Smart Tab Mute is a browser add-on for the Firefox web browser that limits audio playback in the browser to a single tab at a time.

If you open five tabs with videos, games and other content that plays audio in your browser of choice, you may notice that audio starts to play out of all five tabs regardless of active tab.

While that may not be such an issue, the fact that audio playback is enabled for all five tabs as well is one.

There are manual ways around this, for instance by never opening more than one tab that plays audio at a time, or by pausing any secondary video or audio stream.

Note: Smart Tab Mute is based on a Google Chrome extension. If you use Chrome, you can download and install the extension to get the same functionality.

Smart Tab Mute

smart tab mute

Smart Tab Mute is one of those browser extensions that you don't interact directly with. It sits silently in the background, and becomes active automatically when a second or more tabs are opened that play video.

It uses a straightforward algorithm to determine what to do then. Any audio playing tab that is in the background gets muted automatically, while the foreground tab continues to play audio.

If the foreground tab does not play audio, the last tab that gets opened is allowed to play audio, while all other tabs are muted automatically.

The audio playing tab that was opened second last is allowed to play audio automatically when you close that last tab, and so on.

This means that audio playback is started automatically in this situation, so that you don't even have to click on the mute icon or even switch to the tab to start playback.

Smart Tab Mute won't interfere with audio elements that you have stopped or paused manually however. It won't start those videos or media streams on its own again if that is the case.

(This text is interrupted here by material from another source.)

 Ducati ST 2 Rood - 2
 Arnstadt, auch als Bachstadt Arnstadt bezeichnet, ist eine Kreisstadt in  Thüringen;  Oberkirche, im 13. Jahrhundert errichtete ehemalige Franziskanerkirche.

The add-on ships with two options that let you control the behavior somewhat. The first blocks the unmuting of the last tab automatically when the currently playing tab is closed.

smart tab mute blacklist

The second option provides you with a blacklist of sites that you want to exclude from the add-on's functionality. This can be useful if you want to ensure that a service may always play audio, for instance when it uses audio for its notification system.

Closing Words

Smart Tab Mute is a useful Firefox add-on for users of the browser who run sometimes or often into situations where multiple sites start to play audio at the same time.

Now You: Did you ever run into audio playback issues in your browser of choice?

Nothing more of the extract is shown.